*** Opening of Supplied material ***

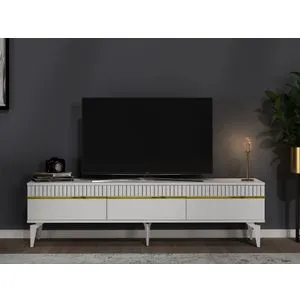 Defne - TV Stalak u Beloj i Zlatnoj Boji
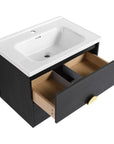 23" Wall-Mounted Bathroom Sink and Vanity with Gold Handle & Storage Drawers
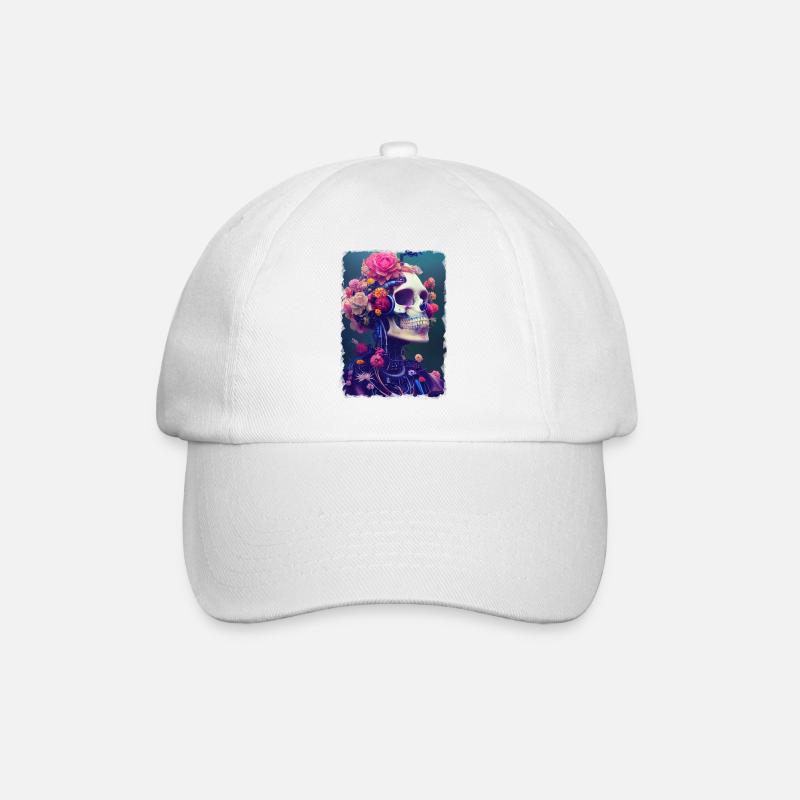 Fusion des fleurs et du crâne - Casquette classique - blanc/blanc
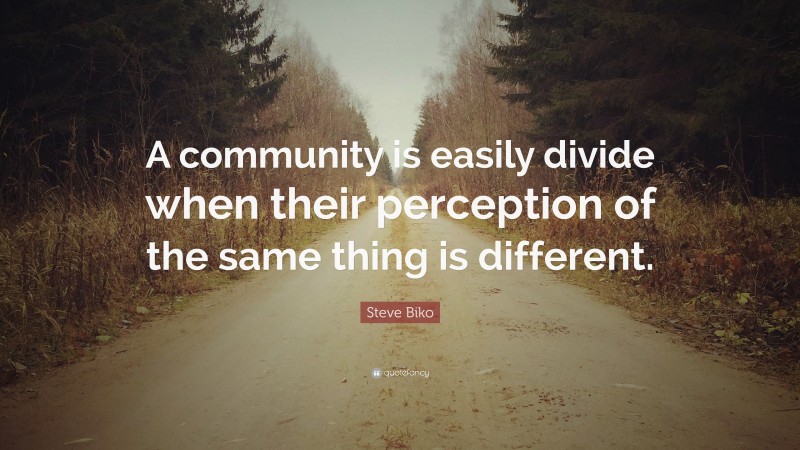 Steve Biko Quote: “A community is easily divide when their perception of the same thing is different.”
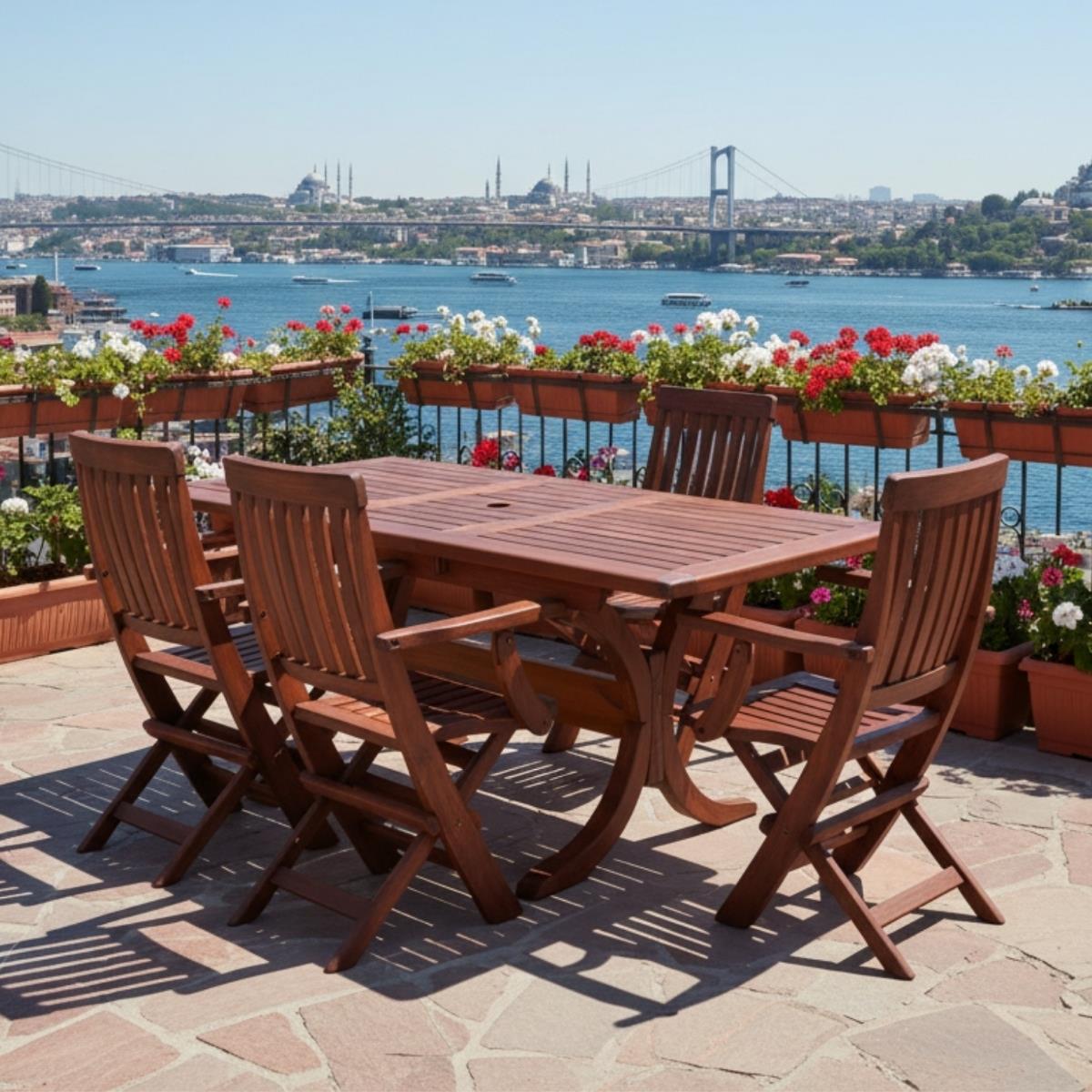 Muğla Açılır Masa Sandalye Takımları - 6 Kişilik Ahşap Bahçe Balkon Set
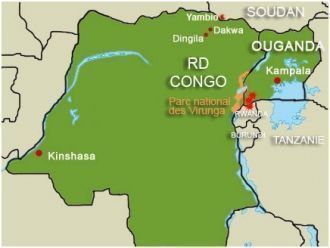 Национальный парк Вирунга на карте ДР Ко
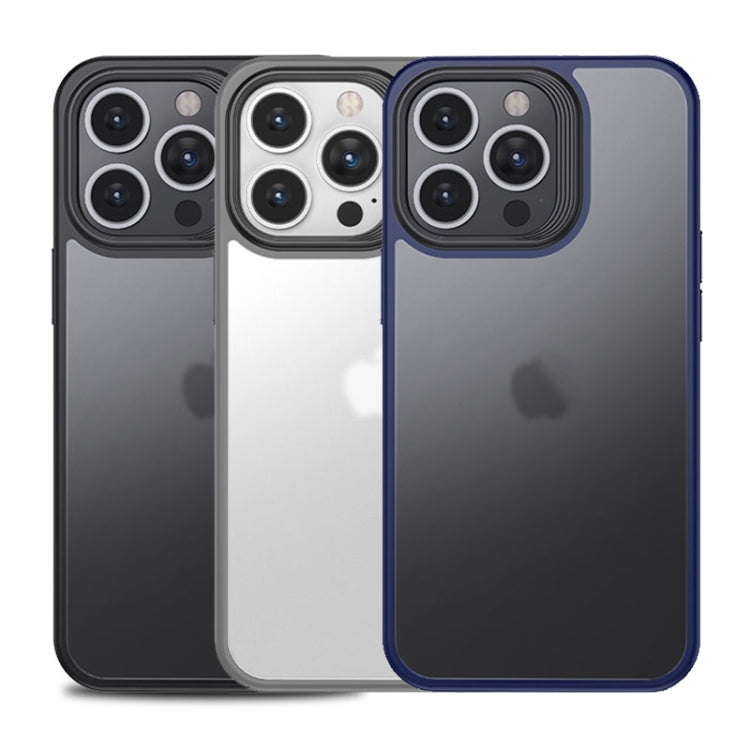 For iPhone 15 Pro Max Shield Frosted Skin Feel Phone Case(Blue)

*** Close of Supplied material ***

Exercise goal - The lines to reproduce run from the one above containing "Fusion des fleurs" through the one containing "Национальный парк Вирунга на карте ДР Ко". Copy them exactly and leave out all pictures.

Exercise result -
 Fusion des fleurs et du crâne - Casquette classique - blanc/blanc
 Steve Biko Quote: “A community is easily divide when their perception of the same thing is different.”
 Muğla Açılır Masa Sandalye Takımları - 6 Kişilik Ahşap Bahçe Balkon Set
 Национальный парк Вирунга на карте ДР Ко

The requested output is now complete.